Stored items from a collection

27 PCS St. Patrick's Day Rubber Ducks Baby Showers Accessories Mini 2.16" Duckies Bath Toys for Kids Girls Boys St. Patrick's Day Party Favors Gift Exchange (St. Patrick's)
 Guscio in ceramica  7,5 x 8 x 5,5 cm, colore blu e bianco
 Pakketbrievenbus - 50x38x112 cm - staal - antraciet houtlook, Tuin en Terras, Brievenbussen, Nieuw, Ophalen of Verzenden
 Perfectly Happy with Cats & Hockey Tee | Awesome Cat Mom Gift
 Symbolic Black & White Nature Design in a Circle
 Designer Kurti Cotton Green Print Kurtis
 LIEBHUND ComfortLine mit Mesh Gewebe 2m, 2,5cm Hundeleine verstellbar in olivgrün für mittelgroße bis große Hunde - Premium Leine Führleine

* WORK REQUIRED *
All of the entries above should be written out again exactly.

* TASK SOLUTION *
27 PCS St. Patrick's Day Rubber Ducks Baby Showers Accessories Mini 2.16" Duckies Bath Toys for Kids Girls Boys St. Patrick's Day Party Favors Gift Exchange (St. Patrick's)
 Guscio in ceramica  7,5 x 8 x 5,5 cm, colore blu e bianco
 Pakketbrievenbus - 50x38x112 cm - staal - antraciet houtlook, Tuin en Terras, Brievenbussen, Nieuw, Ophalen of Verzenden
 Perfectly Happy with Cats & Hockey Tee | Awesome Cat Mom Gift
 Symbolic Black & White Nature Design in a Circle
 Designer Kurti Cotton Green Print Kurtis
 LIEBHUND ComfortLine mit Mesh Gewebe 2m, 2,5cm Hundeleine verstellbar in olivgrün für mittelgroße bis große Hunde - Premium Leine Führleine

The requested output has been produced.